Start of Block

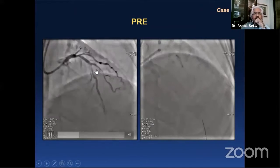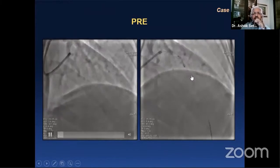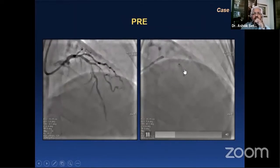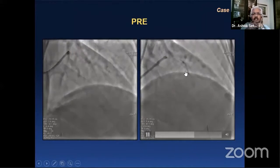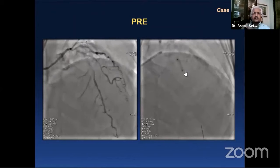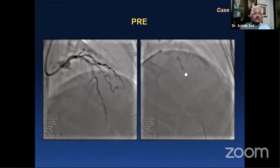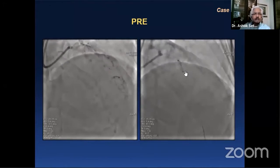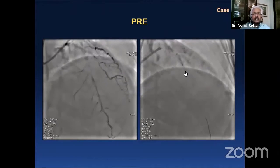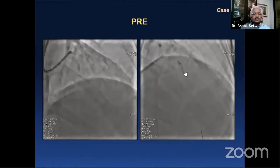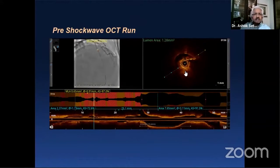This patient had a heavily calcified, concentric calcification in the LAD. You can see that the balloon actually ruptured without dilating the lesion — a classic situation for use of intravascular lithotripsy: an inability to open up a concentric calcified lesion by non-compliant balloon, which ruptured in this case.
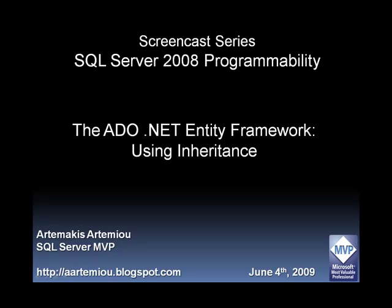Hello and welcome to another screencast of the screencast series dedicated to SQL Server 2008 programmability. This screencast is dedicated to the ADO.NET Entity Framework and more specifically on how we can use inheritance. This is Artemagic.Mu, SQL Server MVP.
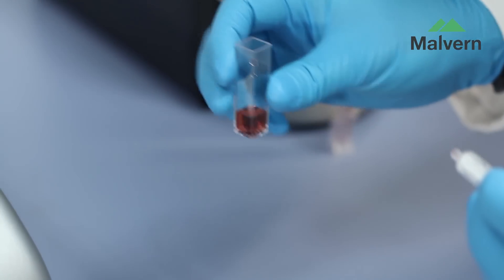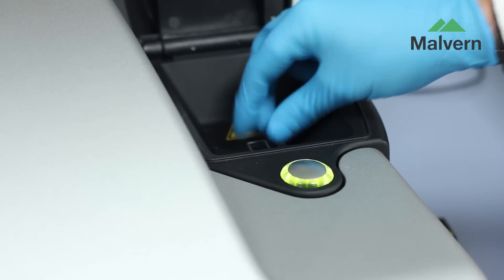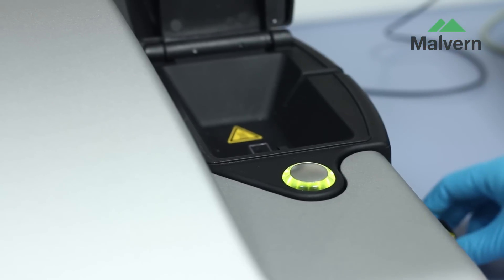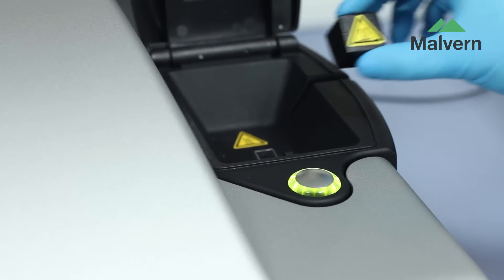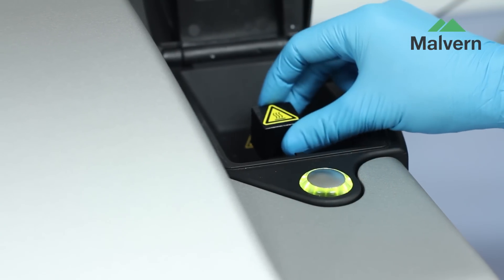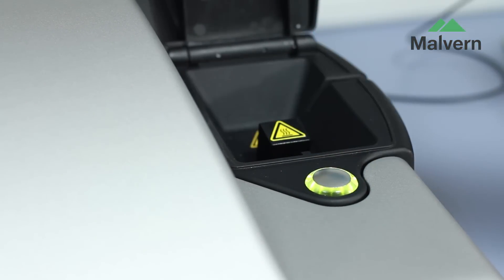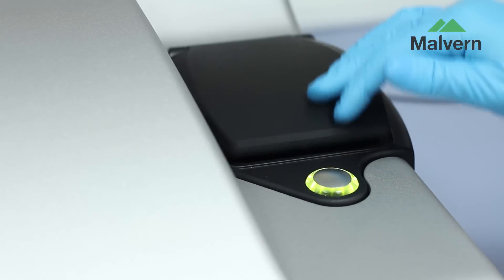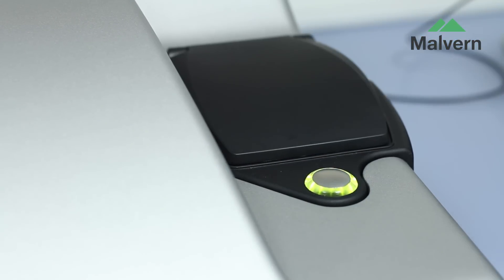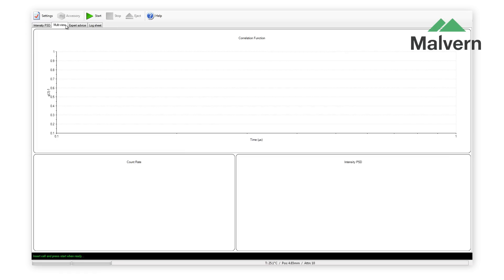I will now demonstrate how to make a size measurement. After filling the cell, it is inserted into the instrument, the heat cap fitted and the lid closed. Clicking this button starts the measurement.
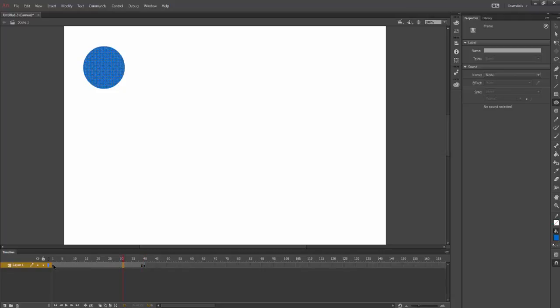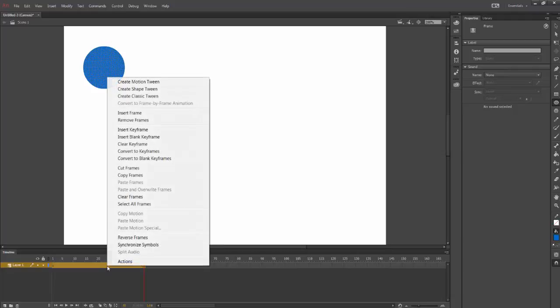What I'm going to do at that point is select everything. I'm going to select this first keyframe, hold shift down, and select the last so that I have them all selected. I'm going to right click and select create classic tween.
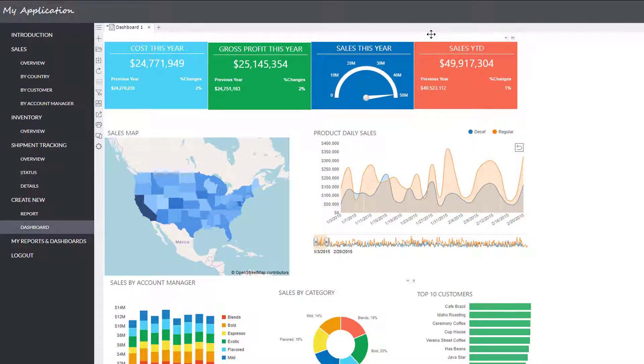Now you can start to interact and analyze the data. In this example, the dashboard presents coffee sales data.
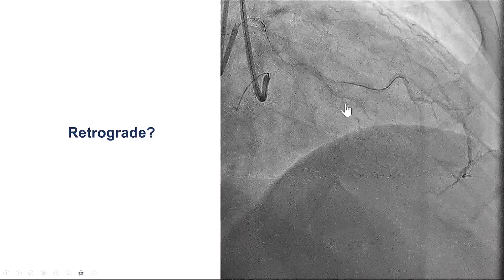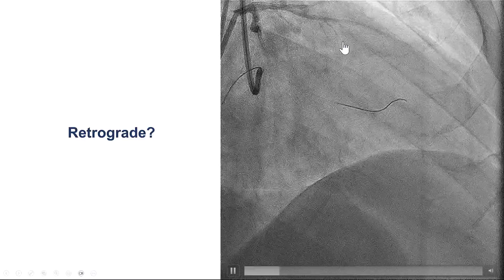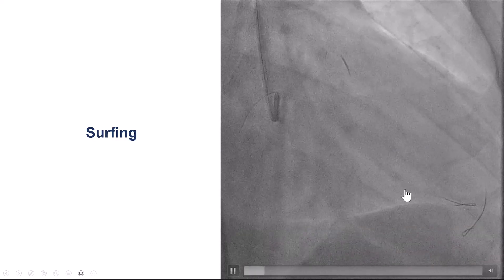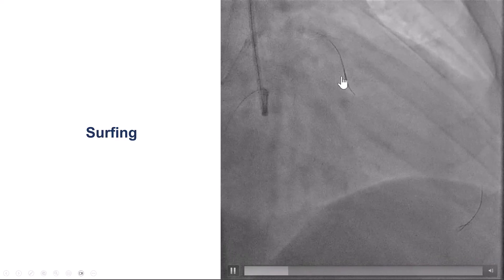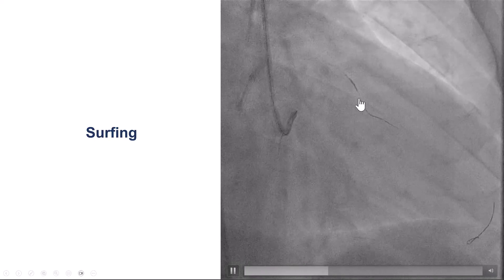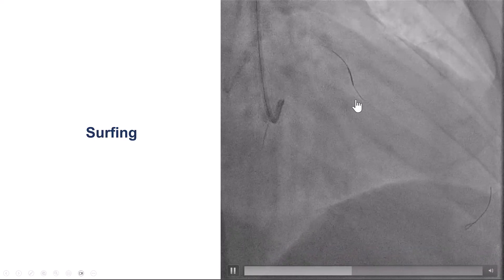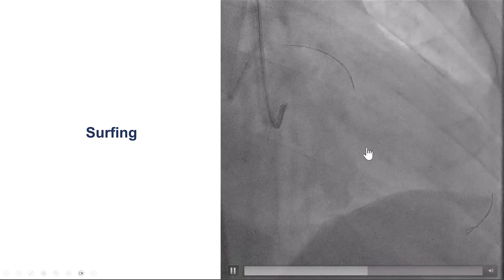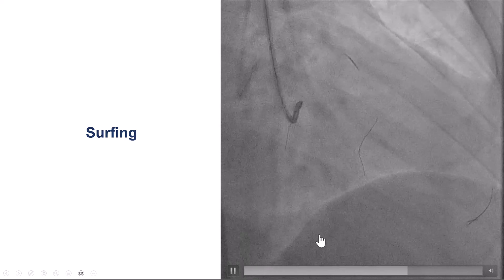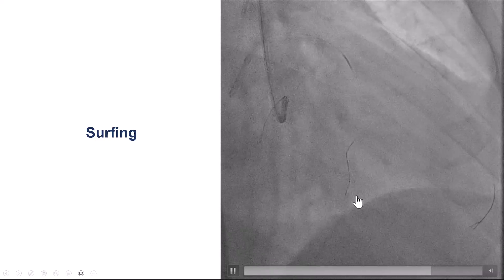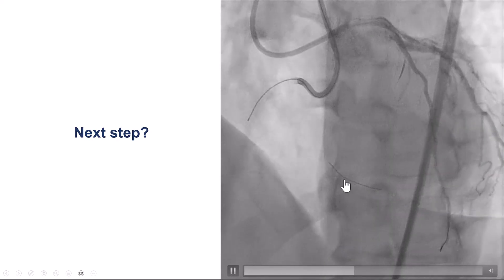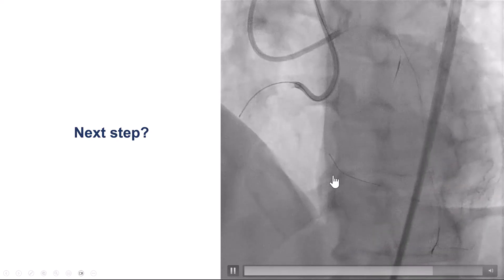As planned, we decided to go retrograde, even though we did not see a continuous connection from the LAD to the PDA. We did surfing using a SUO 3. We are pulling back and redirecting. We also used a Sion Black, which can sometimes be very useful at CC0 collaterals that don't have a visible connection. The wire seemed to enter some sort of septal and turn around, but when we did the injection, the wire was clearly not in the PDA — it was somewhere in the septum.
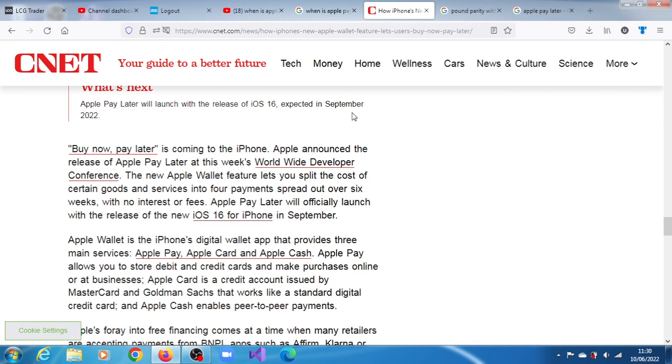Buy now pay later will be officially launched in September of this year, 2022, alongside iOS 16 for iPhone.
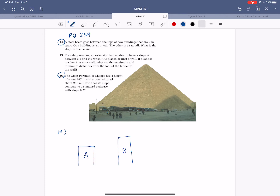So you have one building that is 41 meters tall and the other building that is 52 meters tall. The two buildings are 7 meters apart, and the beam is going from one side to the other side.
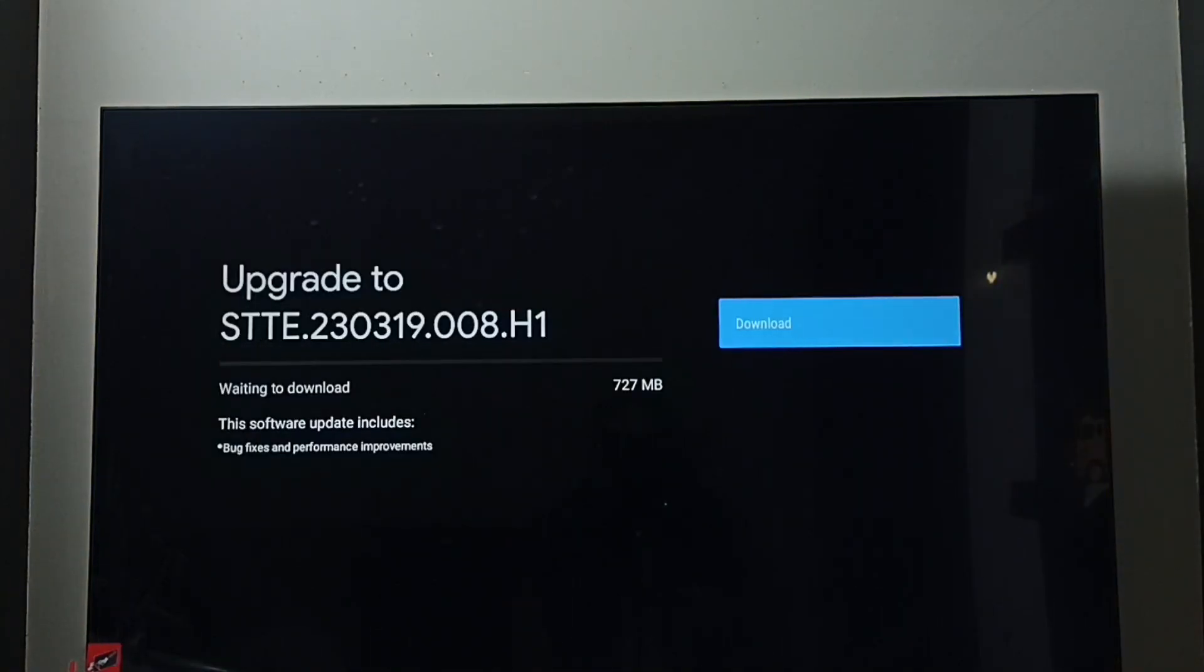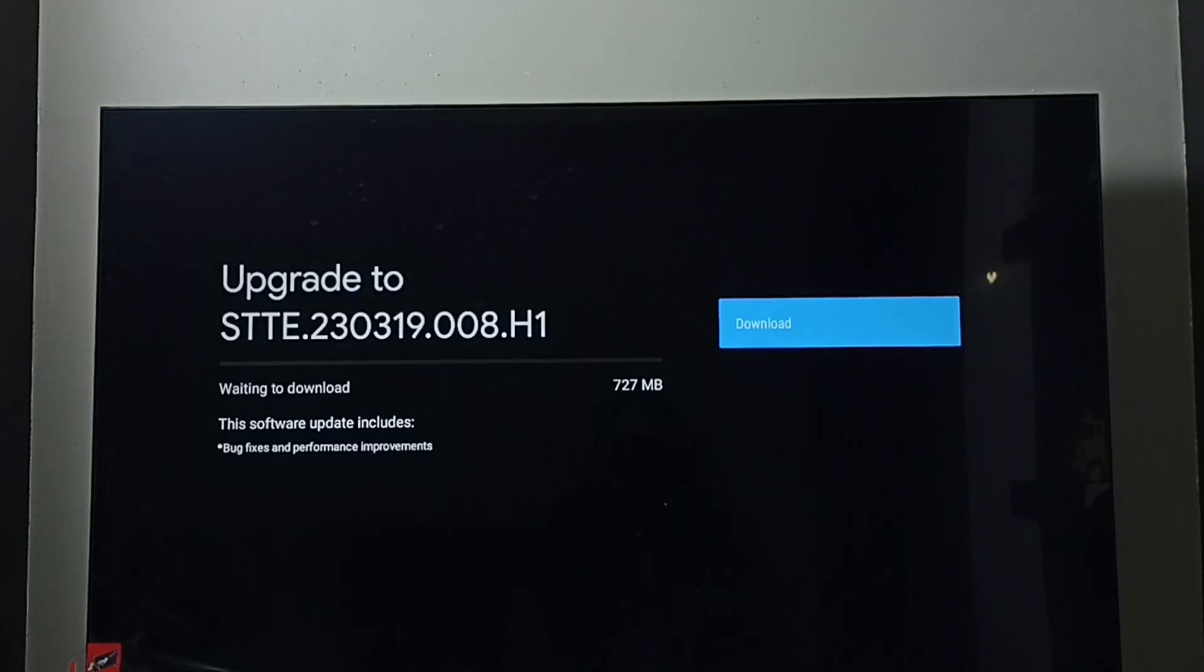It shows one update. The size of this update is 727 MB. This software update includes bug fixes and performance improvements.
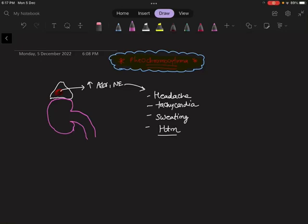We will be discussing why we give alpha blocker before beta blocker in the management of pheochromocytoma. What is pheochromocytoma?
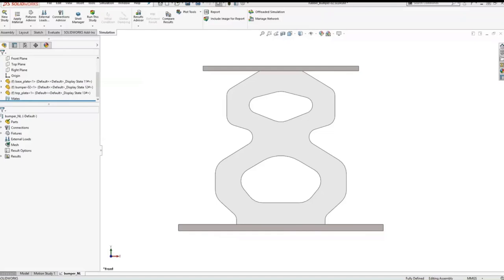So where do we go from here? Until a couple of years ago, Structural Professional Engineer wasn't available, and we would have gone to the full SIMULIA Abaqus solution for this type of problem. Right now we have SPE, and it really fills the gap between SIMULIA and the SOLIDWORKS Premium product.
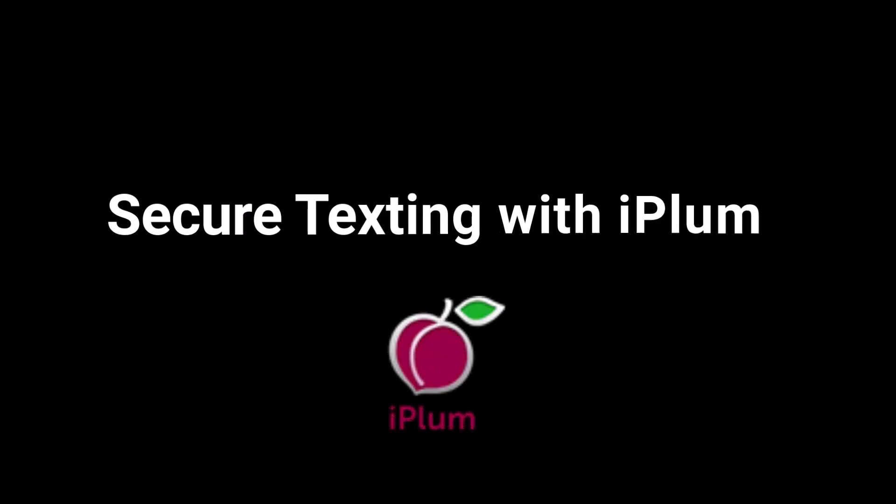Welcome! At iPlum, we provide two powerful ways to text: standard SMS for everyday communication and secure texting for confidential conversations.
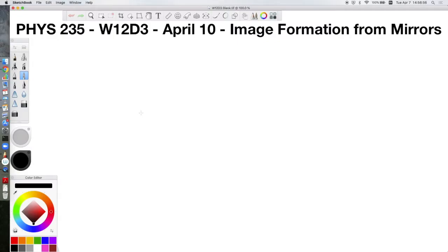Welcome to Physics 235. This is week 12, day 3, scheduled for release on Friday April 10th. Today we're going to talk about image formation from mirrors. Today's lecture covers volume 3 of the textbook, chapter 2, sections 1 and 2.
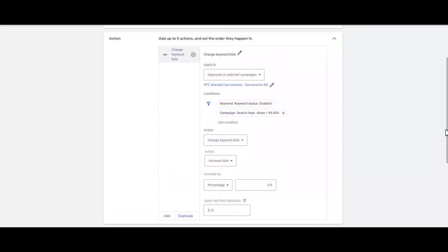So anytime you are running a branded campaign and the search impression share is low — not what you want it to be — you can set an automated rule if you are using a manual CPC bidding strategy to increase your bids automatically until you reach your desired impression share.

End of Block

Your objective:
Above are the records; copy every one of them exactly and omit the images.

Finished task:
This patient had a heavily calcified, concentric calcification in the LAD. You can see that the balloon actually ruptured without dilating the lesion — a classic situation for use of intravascular lithotripsy: an inability to open up a concentric calcified lesion by non-compliant balloon, which ruptured in this case.
Hello and welcome to another screencast of the screencast series dedicated to SQL Server 2008 programmability. This screencast is dedicated to the ADO.NET Entity Framework and more specifically on how we can use inheritance. This is Artemagic.Mu, SQL Server MVP.
I will now demonstrate how to make a size measurement. After filling the cell, it is inserted into the instrument, the heat cap fitted and the lid closed. Clicking this button starts the measurement.
What I'm going to do at that point is select everything. I'm going to select this first keyframe, hold shift down, and select the last so that I have them all selected. I'm going to right click and select create classic tween.
Now you can start to interact and analyze the data. In this example, the dashboard presents coffee sales data.
As planned, we decided to go retrograde, even though we did not see a continuous connection from the LAD to the PDA. We did surfing using a SUO 3. We are pulling back and redirecting. We also used a Sion Black, which can sometimes be very useful at CC0 collaterals that don't have a visible connection. The wire seemed to enter some sort of septal and turn around, but when we did the injection, the wire was clearly not in the PDA — it was somewhere in the septum.
Buy now pay later will be officially launched in September of this year, 2022, alongside iOS 16 for iPhone.
So you have one building that is 41 meters tall and the other building that is 52 meters tall. The two buildings are 7 meters apart, and the beam is going from one side to the other side.
It shows one update. The size of this update is 727 MB. This software update includes bug fixes and performance improvements.
We will be discussing why we give alpha blocker before beta blocker in the management of pheochromocytoma. What is pheochromocytoma?
So where do we go from here? Until a couple of years ago, Structural Professional Engineer wasn't available, and we would have gone to the full SIMULIA Abaqus solution for this type of problem. Right now we have SPE, and it really fills the gap between SIMULIA and the SOLIDWORKS Premium product.
Welcome! At iPlum, we provide two powerful ways to text: standard SMS for everyday communication and secure texting for confidential conversations.
Welcome to Physics 235. This is week 12, day 3, scheduled for release on Friday April 10th. Today we're going to talk about image formation from mirrors. Today's lecture covers volume 3 of the textbook, chapter 2, sections 1 and 2.
So anytime you are running a branded campaign and the search impression share is low — not what you want it to be — you can set an automated rule if you are using a manual CPC bidding strategy to increase your bids automatically until you reach your desired impression share.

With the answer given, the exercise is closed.